A key trend is the convergence of data mesh and data fabric principles. Organizations are blending decentralized ownership (mesh) with federated governance and AI-driven automation (fabric). For example, retail giants now allow regional teams to manage localized customer data products while using fabric-like metadata layers to enforce global privacy standards.
Emerging innovations are reshaping the trajectory of data mesh:
- Embedded Governance – Auto-classification of sensitive data and policy enforcement at the domain level, reducing centralized oversight.
- AI-Driven Domain Curation – Machine learning identifies high-value data products and suggests cross-domain linkages, accelerating discovery.
- Synthetic Data for Collaboration – Domains share AI-generated datasets that mimic real data patterns without exposing sensitive details.
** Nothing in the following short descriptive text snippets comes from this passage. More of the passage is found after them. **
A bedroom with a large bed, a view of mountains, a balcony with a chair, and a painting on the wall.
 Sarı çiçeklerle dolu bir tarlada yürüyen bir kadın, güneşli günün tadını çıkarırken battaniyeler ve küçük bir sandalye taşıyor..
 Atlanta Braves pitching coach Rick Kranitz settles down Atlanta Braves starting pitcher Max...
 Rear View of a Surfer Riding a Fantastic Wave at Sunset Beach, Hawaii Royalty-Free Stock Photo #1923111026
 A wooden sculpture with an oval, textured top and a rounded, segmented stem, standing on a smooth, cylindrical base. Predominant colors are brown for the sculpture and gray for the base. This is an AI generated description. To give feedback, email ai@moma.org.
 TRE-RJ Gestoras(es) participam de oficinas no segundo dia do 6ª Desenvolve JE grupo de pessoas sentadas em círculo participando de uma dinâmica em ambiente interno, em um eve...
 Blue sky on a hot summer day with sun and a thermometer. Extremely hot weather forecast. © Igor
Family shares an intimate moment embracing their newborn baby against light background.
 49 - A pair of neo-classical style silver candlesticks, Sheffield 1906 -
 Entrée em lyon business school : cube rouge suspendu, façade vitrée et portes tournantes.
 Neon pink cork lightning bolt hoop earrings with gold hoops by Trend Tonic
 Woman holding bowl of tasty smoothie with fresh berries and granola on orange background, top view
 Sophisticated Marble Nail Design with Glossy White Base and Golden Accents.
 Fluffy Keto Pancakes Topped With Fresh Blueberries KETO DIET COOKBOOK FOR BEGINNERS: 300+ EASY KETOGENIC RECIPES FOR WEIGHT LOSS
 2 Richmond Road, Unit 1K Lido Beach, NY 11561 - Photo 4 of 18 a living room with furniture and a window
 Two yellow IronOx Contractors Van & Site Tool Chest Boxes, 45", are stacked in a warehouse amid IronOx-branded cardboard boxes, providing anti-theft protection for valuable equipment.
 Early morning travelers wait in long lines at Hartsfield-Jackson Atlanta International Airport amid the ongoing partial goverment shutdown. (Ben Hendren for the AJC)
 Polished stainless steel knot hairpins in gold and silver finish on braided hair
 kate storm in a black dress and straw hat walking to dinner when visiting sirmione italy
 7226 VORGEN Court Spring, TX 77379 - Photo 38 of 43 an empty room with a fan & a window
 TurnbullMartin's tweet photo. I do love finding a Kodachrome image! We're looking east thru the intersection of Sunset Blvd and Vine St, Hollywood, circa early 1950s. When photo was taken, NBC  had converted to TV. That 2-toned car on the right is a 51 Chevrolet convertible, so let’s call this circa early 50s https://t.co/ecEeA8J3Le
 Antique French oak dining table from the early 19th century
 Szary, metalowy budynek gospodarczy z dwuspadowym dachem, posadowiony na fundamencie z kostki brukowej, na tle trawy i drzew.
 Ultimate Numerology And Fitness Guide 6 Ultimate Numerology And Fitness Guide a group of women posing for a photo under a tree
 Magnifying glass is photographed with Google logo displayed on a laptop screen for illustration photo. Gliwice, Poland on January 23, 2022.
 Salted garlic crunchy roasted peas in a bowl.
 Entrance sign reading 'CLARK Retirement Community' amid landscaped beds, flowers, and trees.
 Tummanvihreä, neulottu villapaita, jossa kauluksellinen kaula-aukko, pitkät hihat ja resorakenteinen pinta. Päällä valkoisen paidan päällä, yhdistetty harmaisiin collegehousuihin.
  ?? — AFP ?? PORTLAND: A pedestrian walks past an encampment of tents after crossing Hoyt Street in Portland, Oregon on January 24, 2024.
While Gartner remains skeptical of data mesh as a standalone paradigm, its principles are influencing next-gen architectures. The AtScale semantic layer platform exemplifies this evolution by enabling decentralized teams to publish governed data products while maintaining enterprise-wide consistency. By virtualizing access to domain-specific datasets, AtScale bridges the mesh-fabric divide, thereby allowing organizations to scale analytics without sacrificing security or performance. The future lies not in choosing between mesh and fabric, but in leveraging their synergies to build agile, governed ecosystems.
AtScale and Data Mesh
AtScale’s semantic layer improves data mesh implementation by enabling faster insights creation via self-service data modeling for AI and BI, including performance via automated query optimization. The Semantic Layer enables the development of a unified business-driven data model that defines what data can be used, including supporting specific queries that generate data for visualization. This enables ease of tracking and auditing, and ensures that all aspects of how data are defined, queried, and rendered across multiple dimensions, entities, attributes, and metrics, including the source data and queries made to develop output for reporting, analysis, and analytics, are known and tracked.